Microsoft wants to turn you into a walking password
What is it?
Microsoft’s new biometric-authentication technology, which lets you sign into Windows 10 using your eyes, face and fingers. It recognises unique physical characteristics, such as your iris pattern, fingerprints and facial features, thereby saving you from the tyranny of passwords. When you sign in, you’ll be greeted with a reassuring smiley face and a friendly ‘Hello’ (see image – Terry Myerson is Microsoft’s Executive Vice President of Operating Systems).
Will it mean the end of passwords?
Microsoft desperately hopes so. On its blog announcing Windows Hello (www.snipca.com/15972), Microsoft’s Joe Belfiore wrote that passwords “are easily hackable and even when complex they are not effective, but most of us want something easy to remember, so we either choose a simple password or end up noting it down somewhere, making it less secure”.
But will it really be safer than passwords?
So Microsoft insists, claiming that its security is so strong that “government, defense, financial, health care and other related organizations” will want to use it. Microsoft says that it’s secure enough to prevent hackers from signing in using a photo of your face, or by trying to impersonate you in other ways. This is doubly important because of Microsoft’s other biometric system, codenamed Passport.
Wait a minute - I’ll need a passport to use Windows Hello?
No. Passport is a system that extends biometrics to let you sign into websites, apps and online services. Once Windows Hello confirms your identity by scanning your fingerprint, iris or face, Passport will automatically sign you into any website, app or service you use. Microsoft insists this is safe because Passport doesn’t transmit images of your face or fingerprint online. But Passport’s success will depend on Microsoft persuading developers to integrate it into their products.
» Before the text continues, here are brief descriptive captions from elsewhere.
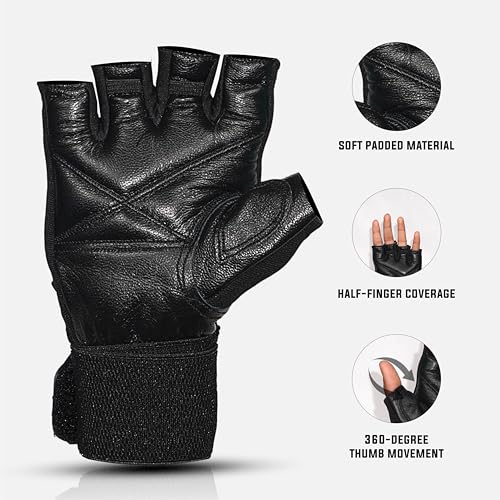 Image of RUBX Rubber Coated Professional Exercise Hex Dumbbells (5 Kg x 2pc (Total = 10 kg + Black Leather Gloves))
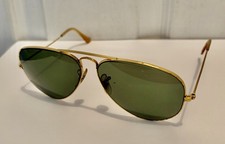 Vintage Ray Ban USA 58-14 Large Gold Frame Bausch Lomb Aviator Sunglasses 58 14 picture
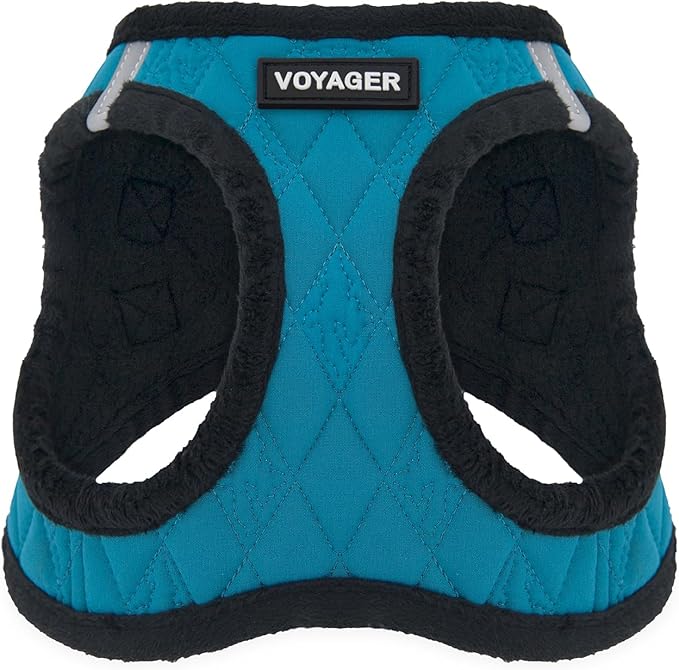 Best Pet Supplies - All Weather Mesh/Plush, Reflective, No Pull Harness for Small, Medium Dogs, Cats - Secure with Hook & Loop Fastener, Buckle, Double D-Rings - Turquoise Plush, XL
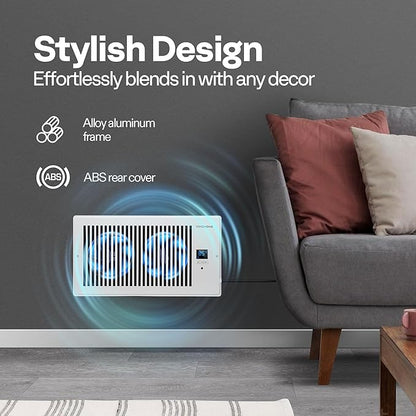 VIVOHOME 6"x12" Opening Smart Vent Register Booster Fan - Image 6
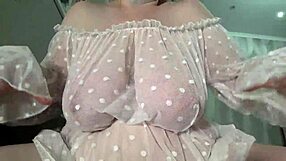 Wow, check out this gorgeous milf with big boobs and saggy tits up close!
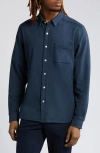 Rhone Wfh Knit Button-up Shirt In Blue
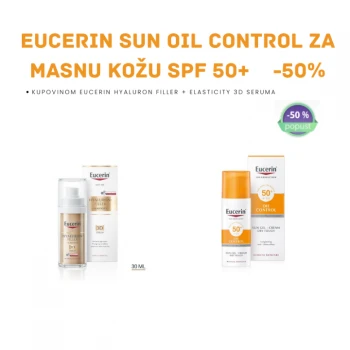 EUCERIN HYALURON FILLER + ELASTICITY 3D SERUM 30 ML + EUCERIN SUN OIL CONTROL ZA MASNU KOŽU LICA SPF 50+ 50 ML
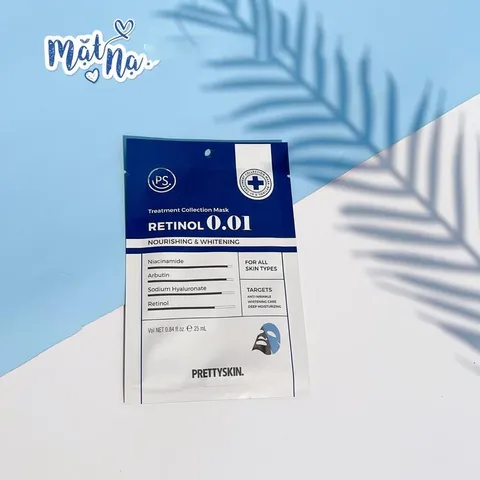 Hộp 10 miếng Mặt Nạ Retinol Prettyskin Màu Xanh Đậm Chính Hãng Hỗ trợ tái tạo làm trắng da
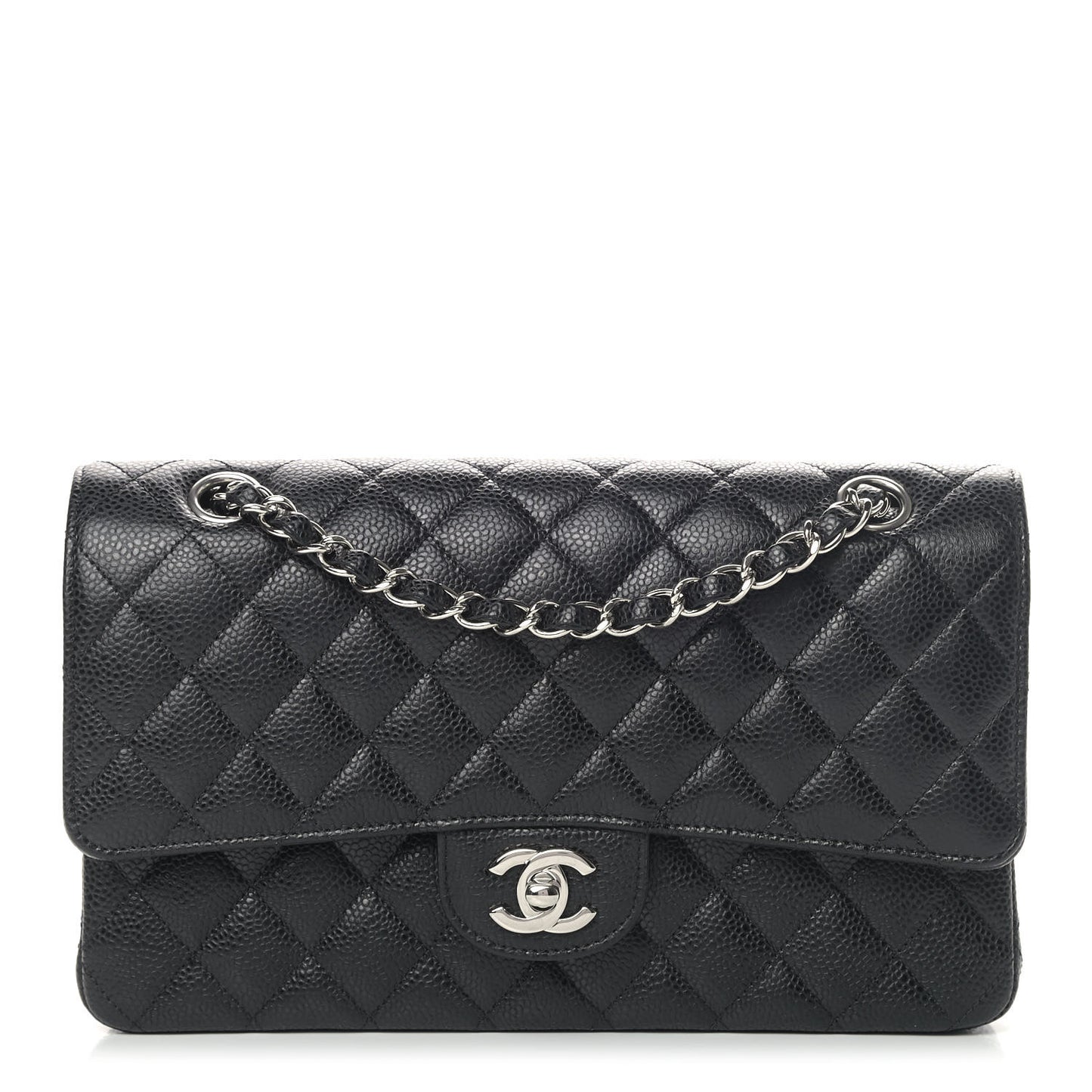 Caviar Quilted Medium Double Flap Black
Can I try either system now?
You can try the fingerprint technology if your PC or Windows Phone has a sensor to read it. But you’ll have to wait for Windows 10 to arrive later this year to buy a computer that can recognise your eyes and face. These will come with Intel’s infrared RealSense 3D camera built in.
How does that work?
By using depth-sensing technology to track the location and position of objects. It captures unique features on your face in a wide range of lighting conditions (watch Microsoft’s demonstration at www.snipca.com/15997). But there is a drawback.
What’s that?
Computers with this camera are likely to be expensive. Thankfully, you won’t have to sign into Windows 10 this way – you’ll still be able to use passwords. Until prices for these computers fall, most people will continue to use passwords.
Are other companies building similar technology?
Yes, with many having joined the FIDO alliance (https://fidoalliance.org), a non-profit organisation whose mission is to “reduce the reliance on passwords to authenticate users”. Both Apple and Samsung already make phones with fingerprint sensors, while Google is working on a mobile-payment system that uses biometrics. Banks are pushing the technology even further. Last year, Barclays demonstrated a scanner that identifies individuals by recognising the pattern of veins in their fingers, and Halifax has trialled a system that measures a person’s heart rate. With so much innovation taking place in biometric technology, it’s clear that we’re rapidly heading into a password-less future.